Danylo and his wife Nadiya (Hope in English) had immigrated to Canada
as Displaced Persons following World War II. Recently widowed, Danylo is
temporarily living with his daughter Orysia, son-in-law, Walt, and their
adolescent daughters, Kat and Genya, when RCMP officers question him
about his wartime activities in Ukraine. Shortly thereafter, Danylo is
officially accused of having lied during the immigration process by
failing to divulge his collaboration with the Germans by
“participating in atrocities against the civilian population during
the period 1943–1944, as an auxiliary policeman in German-occupied
Ukraine.” Because Danylo faces not a criminal but a deportation trial,
the onus is on him to prove he did not lie.

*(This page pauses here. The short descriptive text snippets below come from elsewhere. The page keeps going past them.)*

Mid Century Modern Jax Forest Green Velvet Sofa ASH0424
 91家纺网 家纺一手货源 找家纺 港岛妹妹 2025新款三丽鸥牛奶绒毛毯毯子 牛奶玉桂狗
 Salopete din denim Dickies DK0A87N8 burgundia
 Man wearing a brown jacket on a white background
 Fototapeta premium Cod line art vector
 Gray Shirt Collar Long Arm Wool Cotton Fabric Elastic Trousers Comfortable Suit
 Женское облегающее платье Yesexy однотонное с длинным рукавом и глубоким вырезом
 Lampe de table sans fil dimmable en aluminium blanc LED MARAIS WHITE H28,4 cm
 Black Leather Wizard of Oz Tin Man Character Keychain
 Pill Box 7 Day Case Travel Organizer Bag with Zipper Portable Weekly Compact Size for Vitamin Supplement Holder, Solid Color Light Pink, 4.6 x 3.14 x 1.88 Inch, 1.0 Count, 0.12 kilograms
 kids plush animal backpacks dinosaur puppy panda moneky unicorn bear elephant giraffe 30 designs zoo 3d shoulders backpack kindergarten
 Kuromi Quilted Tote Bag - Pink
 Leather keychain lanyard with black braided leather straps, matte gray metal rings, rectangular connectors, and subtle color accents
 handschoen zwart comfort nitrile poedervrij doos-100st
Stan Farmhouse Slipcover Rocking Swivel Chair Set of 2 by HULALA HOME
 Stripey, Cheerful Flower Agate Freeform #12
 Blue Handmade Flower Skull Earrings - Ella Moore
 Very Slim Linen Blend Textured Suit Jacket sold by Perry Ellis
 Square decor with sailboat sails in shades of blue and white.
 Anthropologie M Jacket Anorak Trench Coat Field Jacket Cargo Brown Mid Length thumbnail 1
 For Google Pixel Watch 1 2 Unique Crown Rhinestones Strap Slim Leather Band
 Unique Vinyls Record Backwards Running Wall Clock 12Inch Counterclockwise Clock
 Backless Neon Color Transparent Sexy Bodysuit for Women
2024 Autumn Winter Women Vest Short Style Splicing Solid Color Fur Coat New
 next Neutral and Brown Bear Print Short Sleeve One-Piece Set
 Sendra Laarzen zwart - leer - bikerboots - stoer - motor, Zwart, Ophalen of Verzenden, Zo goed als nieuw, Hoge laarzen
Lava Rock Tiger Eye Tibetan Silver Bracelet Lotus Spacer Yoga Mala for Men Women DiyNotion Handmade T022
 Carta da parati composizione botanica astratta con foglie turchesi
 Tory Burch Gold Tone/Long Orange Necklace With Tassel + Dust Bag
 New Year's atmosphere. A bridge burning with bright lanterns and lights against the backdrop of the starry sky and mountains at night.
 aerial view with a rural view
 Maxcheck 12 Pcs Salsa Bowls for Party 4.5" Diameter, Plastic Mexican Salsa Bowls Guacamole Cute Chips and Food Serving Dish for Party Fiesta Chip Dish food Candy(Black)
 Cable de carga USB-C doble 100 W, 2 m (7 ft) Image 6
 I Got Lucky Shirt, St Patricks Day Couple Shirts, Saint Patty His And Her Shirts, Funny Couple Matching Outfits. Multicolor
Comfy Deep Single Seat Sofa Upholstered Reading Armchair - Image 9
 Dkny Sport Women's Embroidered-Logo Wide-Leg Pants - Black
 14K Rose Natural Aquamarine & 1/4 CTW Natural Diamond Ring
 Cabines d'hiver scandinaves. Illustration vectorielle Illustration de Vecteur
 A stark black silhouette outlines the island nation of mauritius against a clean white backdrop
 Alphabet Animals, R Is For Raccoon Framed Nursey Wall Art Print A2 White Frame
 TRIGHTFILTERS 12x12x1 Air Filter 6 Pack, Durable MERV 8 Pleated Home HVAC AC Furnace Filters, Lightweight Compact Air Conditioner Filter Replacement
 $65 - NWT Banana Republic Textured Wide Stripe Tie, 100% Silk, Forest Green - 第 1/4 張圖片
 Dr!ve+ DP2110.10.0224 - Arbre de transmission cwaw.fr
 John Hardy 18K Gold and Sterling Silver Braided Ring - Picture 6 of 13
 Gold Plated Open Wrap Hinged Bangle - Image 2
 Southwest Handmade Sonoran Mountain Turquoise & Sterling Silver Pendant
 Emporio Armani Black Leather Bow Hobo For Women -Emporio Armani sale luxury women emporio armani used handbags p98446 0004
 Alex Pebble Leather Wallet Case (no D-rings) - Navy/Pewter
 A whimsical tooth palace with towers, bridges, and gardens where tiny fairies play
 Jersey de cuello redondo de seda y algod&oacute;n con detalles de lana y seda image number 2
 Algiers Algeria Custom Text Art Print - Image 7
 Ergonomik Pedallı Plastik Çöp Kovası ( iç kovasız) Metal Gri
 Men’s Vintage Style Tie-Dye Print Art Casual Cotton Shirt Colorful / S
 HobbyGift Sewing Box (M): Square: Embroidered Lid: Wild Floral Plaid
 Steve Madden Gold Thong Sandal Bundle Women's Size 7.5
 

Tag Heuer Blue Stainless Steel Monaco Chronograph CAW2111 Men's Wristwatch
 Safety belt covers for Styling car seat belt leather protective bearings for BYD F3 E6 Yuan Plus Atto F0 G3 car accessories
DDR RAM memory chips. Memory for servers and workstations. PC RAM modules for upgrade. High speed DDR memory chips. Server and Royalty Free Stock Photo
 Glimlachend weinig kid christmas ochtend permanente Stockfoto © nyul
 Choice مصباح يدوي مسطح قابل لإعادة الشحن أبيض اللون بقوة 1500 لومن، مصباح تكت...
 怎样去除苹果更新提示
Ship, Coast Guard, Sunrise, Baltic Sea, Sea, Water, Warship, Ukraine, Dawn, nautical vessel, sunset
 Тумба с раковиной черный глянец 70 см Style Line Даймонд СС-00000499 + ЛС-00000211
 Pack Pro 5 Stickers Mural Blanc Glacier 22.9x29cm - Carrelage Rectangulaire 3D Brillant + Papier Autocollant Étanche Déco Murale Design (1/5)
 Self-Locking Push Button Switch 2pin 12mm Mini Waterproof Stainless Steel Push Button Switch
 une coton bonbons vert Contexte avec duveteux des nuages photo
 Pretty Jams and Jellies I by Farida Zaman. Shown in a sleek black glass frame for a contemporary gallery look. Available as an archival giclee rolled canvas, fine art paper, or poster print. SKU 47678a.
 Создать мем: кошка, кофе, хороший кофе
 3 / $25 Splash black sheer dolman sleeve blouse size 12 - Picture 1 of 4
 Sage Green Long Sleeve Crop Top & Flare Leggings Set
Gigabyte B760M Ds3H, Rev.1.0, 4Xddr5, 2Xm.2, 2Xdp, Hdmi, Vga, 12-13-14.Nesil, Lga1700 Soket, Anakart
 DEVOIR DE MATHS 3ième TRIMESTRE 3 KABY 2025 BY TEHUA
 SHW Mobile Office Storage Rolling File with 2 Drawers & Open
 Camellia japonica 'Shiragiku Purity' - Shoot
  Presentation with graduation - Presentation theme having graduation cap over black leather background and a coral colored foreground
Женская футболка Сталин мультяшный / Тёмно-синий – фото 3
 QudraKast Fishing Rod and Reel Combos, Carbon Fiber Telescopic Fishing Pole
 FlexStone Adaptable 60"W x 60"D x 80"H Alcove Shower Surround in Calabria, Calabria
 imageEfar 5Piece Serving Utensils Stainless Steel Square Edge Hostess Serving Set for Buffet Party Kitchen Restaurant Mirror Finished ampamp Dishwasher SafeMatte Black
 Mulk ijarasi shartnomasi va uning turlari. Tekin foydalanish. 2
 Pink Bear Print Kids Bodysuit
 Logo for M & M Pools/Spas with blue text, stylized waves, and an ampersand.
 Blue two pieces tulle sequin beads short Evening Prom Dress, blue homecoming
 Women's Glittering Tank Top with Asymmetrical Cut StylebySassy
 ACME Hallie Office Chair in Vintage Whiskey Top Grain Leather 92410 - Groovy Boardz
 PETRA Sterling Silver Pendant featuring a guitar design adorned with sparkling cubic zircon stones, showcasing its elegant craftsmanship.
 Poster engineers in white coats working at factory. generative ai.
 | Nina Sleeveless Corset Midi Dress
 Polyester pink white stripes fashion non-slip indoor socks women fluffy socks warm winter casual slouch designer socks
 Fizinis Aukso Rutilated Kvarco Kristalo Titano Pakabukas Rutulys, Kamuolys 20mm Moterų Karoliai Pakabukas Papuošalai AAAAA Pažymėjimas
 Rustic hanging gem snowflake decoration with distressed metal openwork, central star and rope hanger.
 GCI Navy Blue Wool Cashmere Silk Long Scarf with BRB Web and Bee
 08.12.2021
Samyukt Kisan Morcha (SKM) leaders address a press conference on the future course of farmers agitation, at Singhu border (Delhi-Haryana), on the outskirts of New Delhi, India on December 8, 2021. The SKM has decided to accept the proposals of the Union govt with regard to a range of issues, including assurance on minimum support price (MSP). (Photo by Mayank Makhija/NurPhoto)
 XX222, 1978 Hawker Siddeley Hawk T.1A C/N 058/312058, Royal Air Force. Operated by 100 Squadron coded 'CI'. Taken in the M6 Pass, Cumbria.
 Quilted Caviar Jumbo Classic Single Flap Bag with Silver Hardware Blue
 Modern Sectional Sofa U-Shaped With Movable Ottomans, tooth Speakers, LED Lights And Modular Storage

Told from a number of perspectives, Hope’s War features Kat as the
central teen character, someone who was already experiencing her own
problems as the “new kid” in an all-arts high school. While the
events in Kat’s life are interesting and are used, to some extent, by
Skrypuch to echo aspects of what is happening to Danylo, the deportation
trial and Danylo’s memories of what really occurred in Ukraine are
what will grab readers emotionally and not let them go, even at the
book’s surprising conclusion. Highly recommended.